### DATA SHOWN:
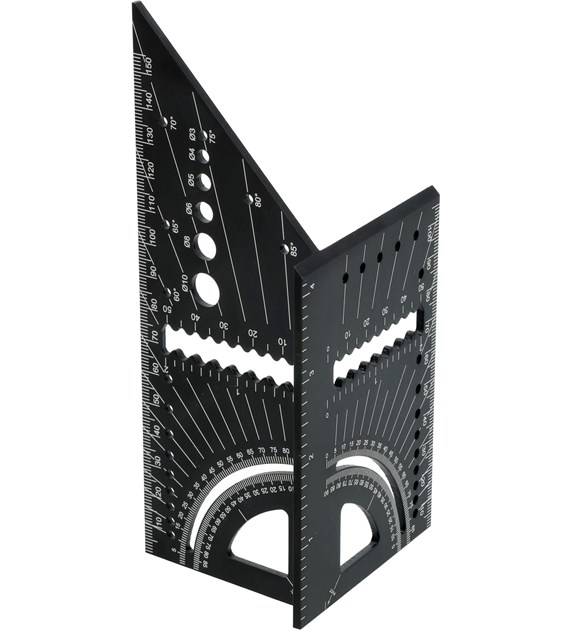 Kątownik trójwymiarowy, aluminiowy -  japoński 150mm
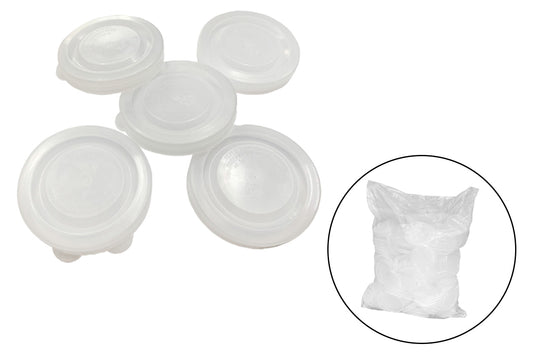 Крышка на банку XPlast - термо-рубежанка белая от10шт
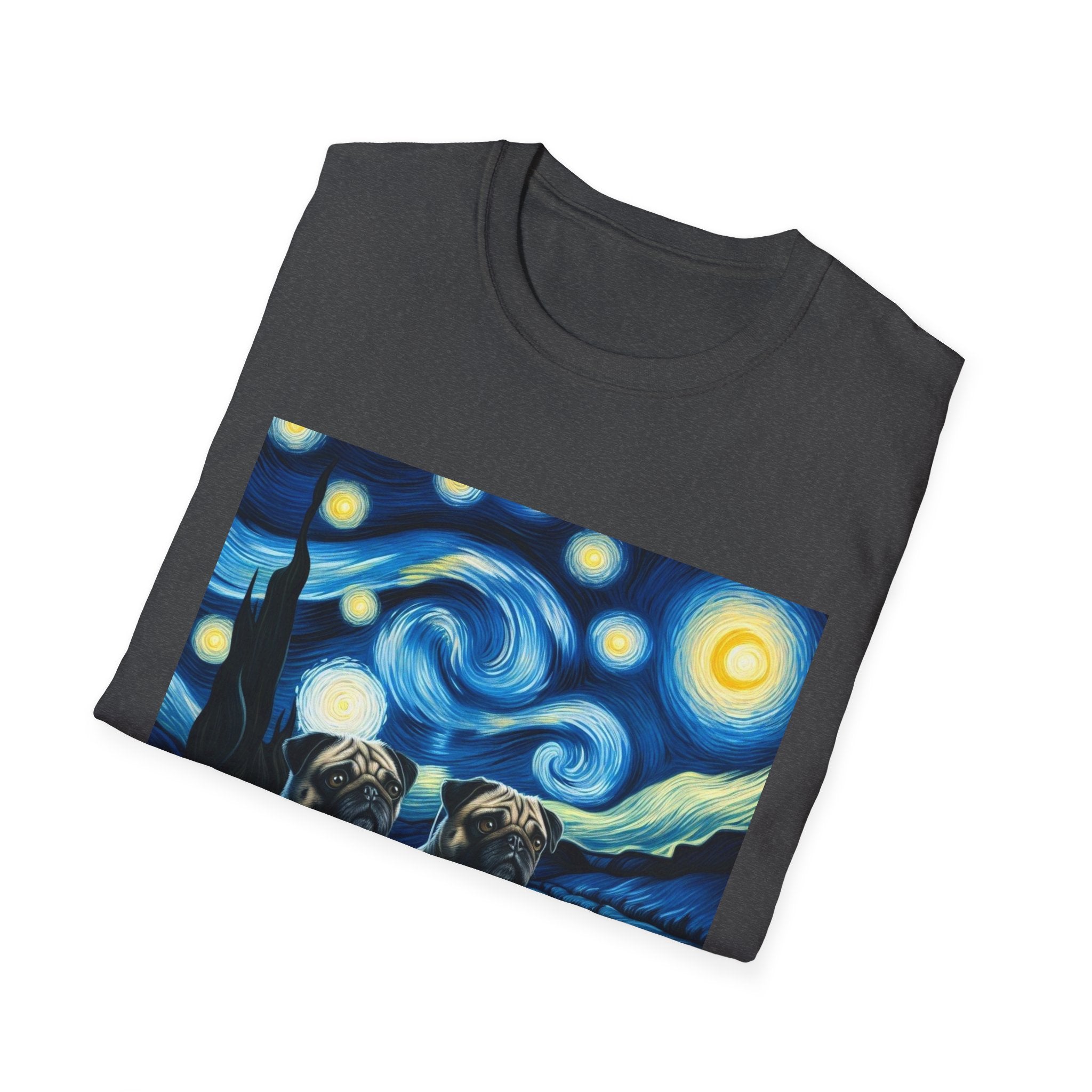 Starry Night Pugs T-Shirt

### EXERCISE BRIEF:
Would you output the listing above verbatim, without its pictures?

### EXERCISE RESPONSE:
 Kątownik trójwymiarowy, aluminiowy -  japoński 150mm
 Крышка на банку XPlast - термо-рубежанка белая от10шт
 Starry Night Pugs T-Shirt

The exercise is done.